Commodities, Exploration/Development, Lithium, News

The rise of Australia’s lithium refining industry

lithium refining

While Australia is the world’s biggest producer of lithium raw materials, it only exports a small amount of refined lithium. But this is set to change.

The Australian Government has not been shy in its support for an onshore lithium refining industry, supporting the emerging sector through its $1.3 billion Modern Manufacturing Initiative (MMI).

Pilbara Minerals and Calix received a $20 million grant to support the development of their ‘midstream’ project, where lithium salts will be produced via an innovative refining process.

If successfully developed and proven, the new process could mean spodumene concentrate is replaced by a higher-grade lithium salts product.

As it happens, Pilbara Minerals and Calix this week advanced their partnership from a memorandum of understanding (MoU) to a joint venture agreement, paving the way for a final investment decision to be made on a demonstration plant in the June quarter of 2023.

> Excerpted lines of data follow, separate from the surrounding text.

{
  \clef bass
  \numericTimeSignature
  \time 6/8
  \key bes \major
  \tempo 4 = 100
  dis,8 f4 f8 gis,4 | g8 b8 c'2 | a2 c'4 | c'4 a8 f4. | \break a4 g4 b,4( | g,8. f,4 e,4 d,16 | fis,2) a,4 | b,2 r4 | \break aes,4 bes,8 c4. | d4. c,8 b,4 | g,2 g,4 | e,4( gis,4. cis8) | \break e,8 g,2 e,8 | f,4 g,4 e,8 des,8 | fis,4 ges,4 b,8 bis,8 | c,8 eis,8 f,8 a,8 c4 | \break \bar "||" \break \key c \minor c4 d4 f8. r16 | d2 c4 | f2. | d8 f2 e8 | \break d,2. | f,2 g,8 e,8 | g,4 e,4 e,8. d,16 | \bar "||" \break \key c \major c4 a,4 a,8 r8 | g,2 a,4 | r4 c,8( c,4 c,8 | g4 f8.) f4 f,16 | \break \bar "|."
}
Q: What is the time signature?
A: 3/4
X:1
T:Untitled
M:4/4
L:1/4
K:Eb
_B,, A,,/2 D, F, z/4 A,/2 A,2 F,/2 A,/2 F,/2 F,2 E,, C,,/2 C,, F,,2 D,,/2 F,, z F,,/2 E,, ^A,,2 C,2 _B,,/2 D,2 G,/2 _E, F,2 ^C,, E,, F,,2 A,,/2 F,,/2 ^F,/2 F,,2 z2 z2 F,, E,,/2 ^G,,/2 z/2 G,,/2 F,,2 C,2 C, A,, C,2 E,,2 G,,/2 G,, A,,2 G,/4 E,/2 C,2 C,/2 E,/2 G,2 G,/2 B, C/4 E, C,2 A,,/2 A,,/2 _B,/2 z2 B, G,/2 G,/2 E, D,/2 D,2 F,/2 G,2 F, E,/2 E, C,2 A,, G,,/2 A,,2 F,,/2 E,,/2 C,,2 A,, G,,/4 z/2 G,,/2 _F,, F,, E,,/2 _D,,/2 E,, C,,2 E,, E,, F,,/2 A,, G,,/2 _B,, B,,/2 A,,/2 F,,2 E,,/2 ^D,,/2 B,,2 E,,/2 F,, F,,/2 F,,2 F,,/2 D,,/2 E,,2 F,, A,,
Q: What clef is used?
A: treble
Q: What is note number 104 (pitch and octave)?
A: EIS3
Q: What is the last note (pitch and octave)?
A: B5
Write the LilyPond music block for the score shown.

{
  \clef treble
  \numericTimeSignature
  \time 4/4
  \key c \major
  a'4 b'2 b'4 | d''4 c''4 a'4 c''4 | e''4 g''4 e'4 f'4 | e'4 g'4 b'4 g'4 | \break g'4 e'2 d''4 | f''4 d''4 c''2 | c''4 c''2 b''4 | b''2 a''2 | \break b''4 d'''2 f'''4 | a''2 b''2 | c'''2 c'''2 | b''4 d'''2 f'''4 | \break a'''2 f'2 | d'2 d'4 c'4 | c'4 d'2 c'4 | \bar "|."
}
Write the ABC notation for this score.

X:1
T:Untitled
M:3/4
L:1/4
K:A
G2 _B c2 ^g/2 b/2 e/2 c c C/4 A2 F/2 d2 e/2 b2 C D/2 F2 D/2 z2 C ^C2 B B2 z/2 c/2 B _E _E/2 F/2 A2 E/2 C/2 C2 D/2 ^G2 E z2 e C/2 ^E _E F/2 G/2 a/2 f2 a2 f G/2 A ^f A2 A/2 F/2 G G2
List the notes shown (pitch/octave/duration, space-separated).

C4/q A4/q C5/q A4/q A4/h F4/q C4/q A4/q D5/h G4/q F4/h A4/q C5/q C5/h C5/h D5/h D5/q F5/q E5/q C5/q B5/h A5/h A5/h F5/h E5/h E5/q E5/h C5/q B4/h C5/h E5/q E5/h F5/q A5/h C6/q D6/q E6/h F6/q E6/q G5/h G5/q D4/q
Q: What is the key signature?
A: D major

Core Lithium has also received the backing of the Australian Government through a $6 million MMI grant to build a pilot lithium hydroxide processing facility to support its Finniss project in the Northern Territory.

Australia’s first refined lithium was produced in the form of lithium hydroxide from the Kwinana plant in May 2022. Kwinana is shared in a joint venture (JV) between Tianqi Lithium Corporation (51 per cent) and IGO (49 per cent).

The JV partners will look to ramp up Kwinana to a nameplate production capacity of 24,000 tonnes per annum.

Then there’s the Kemerton JV between Albemarle Corporation (60 per cent) and Mineral Resources (40 per cent), which involves the construction of the Kemerton lithium hydroxide processing facility in Western Australia.

Kemerton is currently transitioning through commissioning before first lithium hydroxide can be produced from the facility, where the aim is to achieve an initial capacity of 50,000 tonnes per annum.

Federal Resources Minister Madeleine King reaffirmed the importance of Australia’s critical minerals industry – which includes lithium – at the recent critical minerals summit hosted by The Australian and PricewaterhouseCoopers (PwC).

“The focus on the extraction and refining of critical minerals needs to become, I think, something of a national mission, akin to the foundation of our iron ore industry in the 1950s and our LNG export industry in the 1990s,” she said.

“While companies like Japan’s Mitsui purchased some of the first iron ore exports from the Pilbara in the late 1950s, now in 2022 these companies now want to work with us again as we confront the challenge of building a new industry and supply chains around critical minerals.”

It looks like we’ll be hearing a lot more about Australia’s onshore refining opportunities.